My husband takes Saturday mornings, and he chooses to sleep in. I get breakfast for our three kids and empty the dishwasher. Then I take the toddler with me to run errands at Target and Trader Joe’s while the two older kids have their Saturday Morning Screen Time. By the time I arrive home, it is 9:30 and my husband wakes and helps me unload the groceries.
Sundays are for me. I am always awake early and go down to my office, but on Sundays I know that I will have hours of time to myself. I always read Brain Pickings and a chapter or two out of a novel, plan my week, send an email to my extended family, get caught up on life.
Of course, it is never completely uninterrupted… if only my office were sound-proof. Usually I will hear a squabble of some kind and a yell for “MOMMY!” Or my husband will be cooking eggs and the toddler will wander off and appear at the French doors of my office, with her nose pressed against the glass. At some point, I’ll usually need to emerge to refill my coffee and without fail, one of the kids will try to rope me in at that point by asking me to look at a picture drawn or telling me that someone ate the last bagel.

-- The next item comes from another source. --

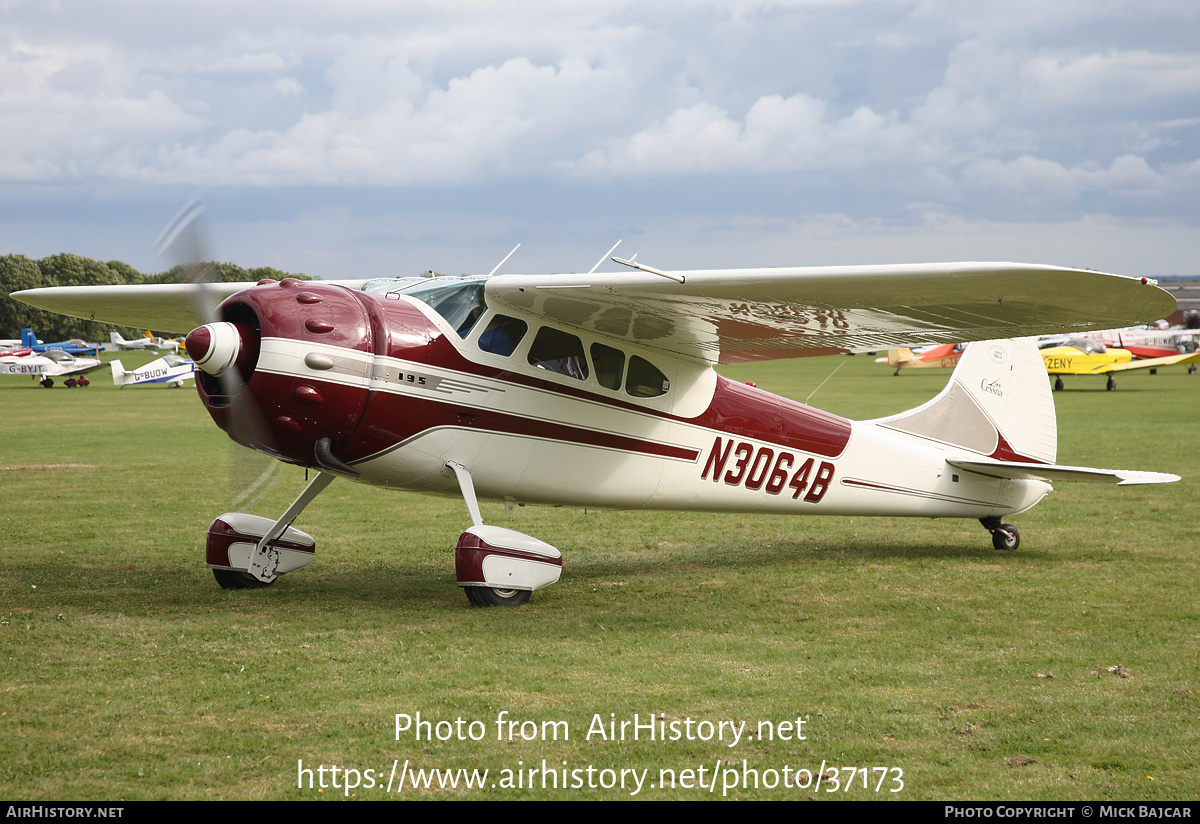 Aircraft Photo of N3064B | Cessna 195B | AirHistory.net #37173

Still, I know that I can count on that time in the week. And have learned that if I don’t have that time, I feel out of sorts.
This weekend, my husband planned to take the two older kids on a weekend getaway, which included going to a large arcade and then checking into a hotel for the night. We decided to call it a “Leap Year Treat” so that the kids don’t form an expectation that this would be a regular occurrence.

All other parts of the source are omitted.